Offrire prodotti o servizi che sono unici, indispensabili e personalizzati per il cliente. Il prezzo è una variabile di secondo livello. Deve rispettare certo il principio della convenienza, ma non può essere l’elemento discriminante per l’acquisto. È fondamentale quindi possedere grandi capacità di ricerca e sviluppo prodotto, flessibilità e conoscenza del settore. Queste sono doti tipiche delle imprese snelle, piccole e dinamiche, come la maggior parte delle buone industrie italiane, già molto apprezzate nel mondo per queste caratteristiche (si veda come molti di questi piccoli gioielli siano stati acquistati da gruppi esteri, ultimo caso, Loro Piana). Ma queste qualità devono essere coniugate con capacità tipiche della grande azienda: forti leve negoziali, capacità di investimento nella comunicazione e marketing, comprensione dei mercati globali, struttura economico finanziaria. In questo caso le aziende italiane sono meno forti (ed è per questo che, riprendo l’inciso precedente, alcune tra le migliori sono state assorbite da gruppi internazionali). Tipicamente, aziende con risorse di questo tipo hanno dimensioni superiori rispetto alle italiane, maggiori capacità di investimento e di redditività del capitale investito, una gestione della liquidità più efficiente e una rotazione dei magazzini più alta. Conseguentemente, riescono a mantenere tempi di pagamento più veloci e ad avere un accesso al credito facilitato e meno costoso. Credo che per superare questi limiti sia necessario iniziare a fare sistema. La rete d’impresa costituisce un livello organizzativo superiore, strutturato per lavorare al servizio delle imprese che la compongono, che trasforma tante piccole aziende in una super-industria capace di cogliere le opportunità di mercati che, per dimensioni e caratteristiche, sarebbero altrimenti irraggiungibili e insoddisfabili.
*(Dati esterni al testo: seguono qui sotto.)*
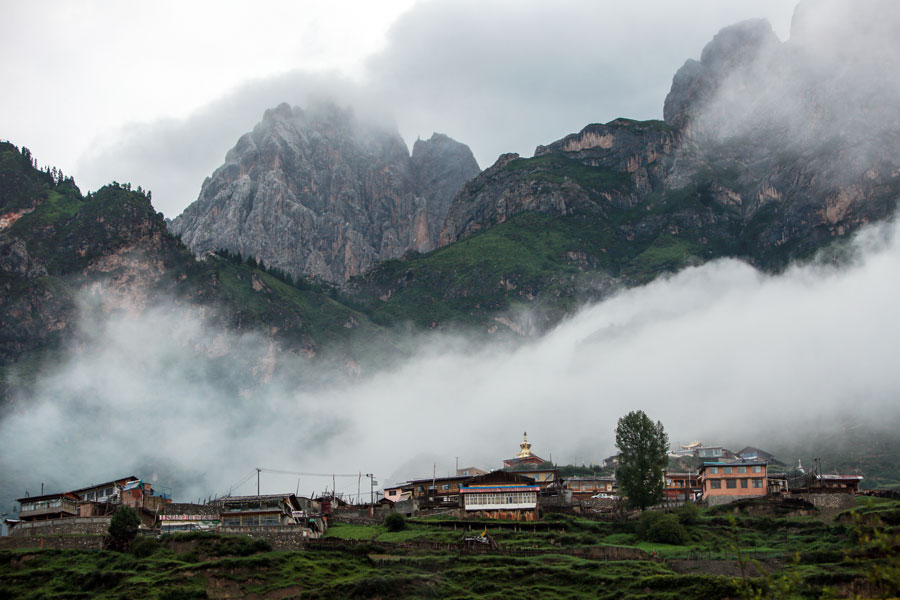 Fog scenery of Zhagana after rainfall in Gansu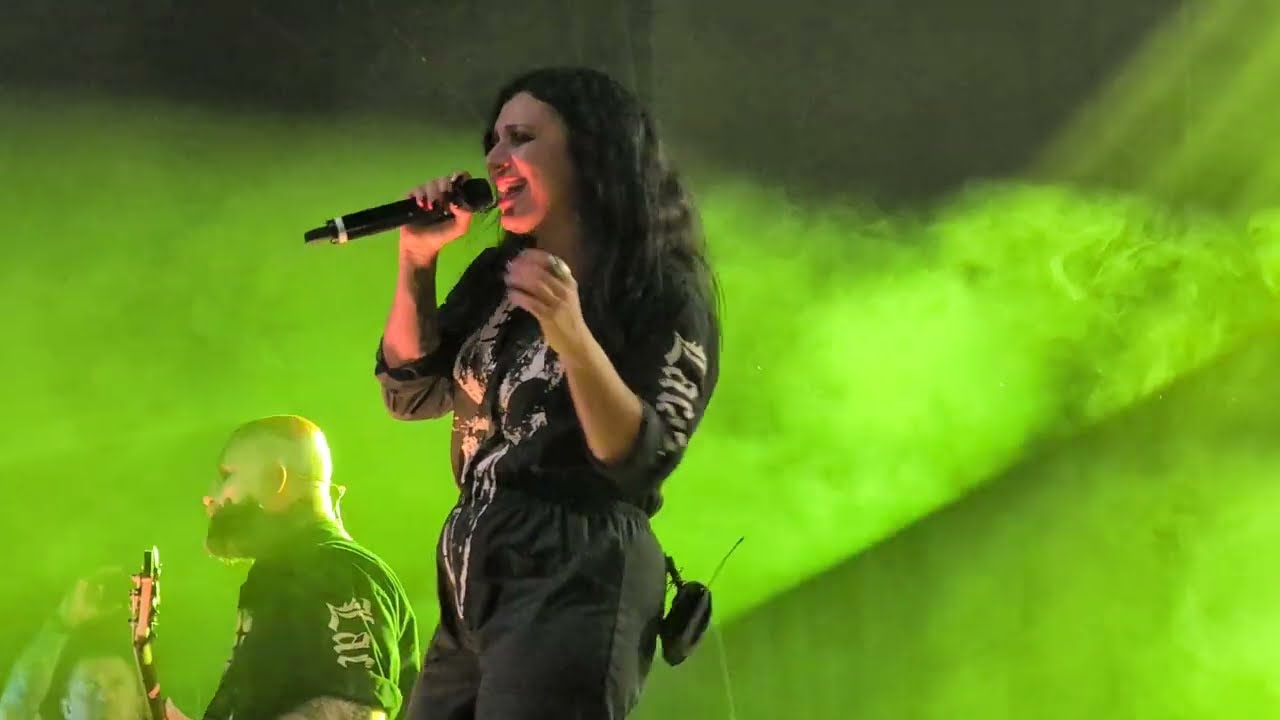 Lacuna Coil - Hosting the Shadow (Manchester 2024)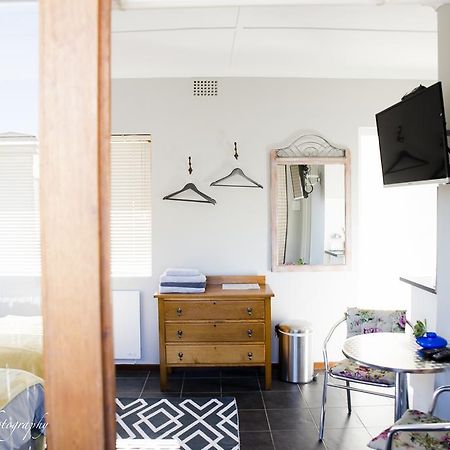 Cobie Apartment สเตลเลนบอช ภายนอก รูปภาพ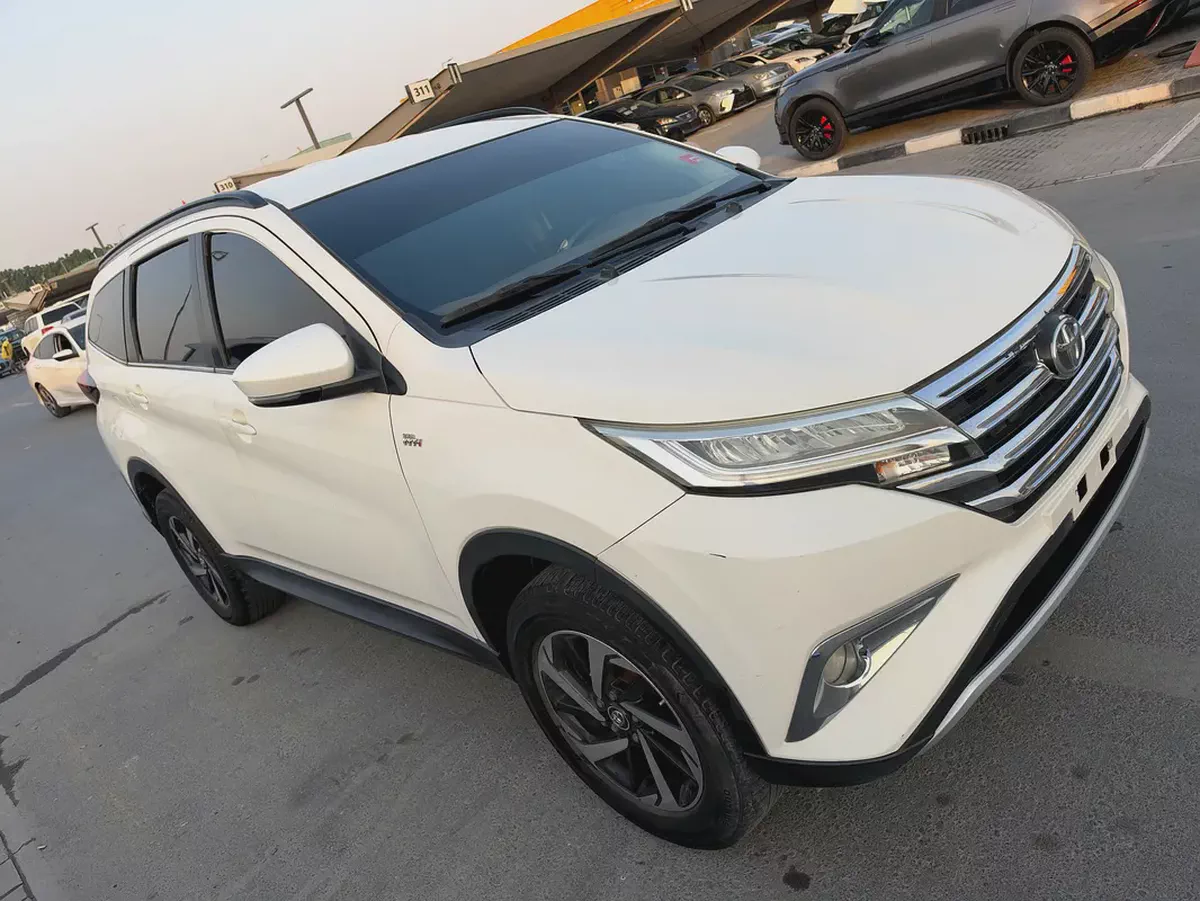 Toyota Rush 2019 GCC Specs white color GCC calen car-2-2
Una evoluzione indispensabile?

Sono convinto che in questa fase l’organizzazione in reti d’impresa sia una necessità. Le ridotte dimensioni delle aziende italiane, il loro isolamento e la frammentazione del nostro sistema produttivo rallentano il rilancio del paese. Il mercato è irreversibilmente cambiato e siamo rimasti indietro. Quello che fino a ieri funzionava oggi non funziona più. A mio avviso, il cambiamento non è ulteriormente procrastinabile. L’aggregazione è indispensabile. Il forte individualismo che appartiene alla nostra cultura industriale oggi non può più funzionare per molte ragioni, anche se in passato ha creato eccellenze produttive a livello globale. Altri tempi. Oggi, la rivoluzione di internet consente un accesso gratuito e indifferenziato alle informazioni. Dal punto di vista industriale, la conseguente disintermediazione della comunicazione permette l’interazione diretta con i consumatori nei mercati di interesse e impone una maggiore trasparenza in ogni area del business, a partire dalla comunicazione. Il valore di una marca e la sua distruzione sono oggi fenomeni che viaggiano a velocità mai viste in precedenza. Ricordiamo anche l’esigenza di ripensare i canali distributivi. Da anni ormai, pur in periodo di crisi, si assiste alla crescita delle vendite online e da mobile. Anche in questo caso è il successo di una «rete», il Web.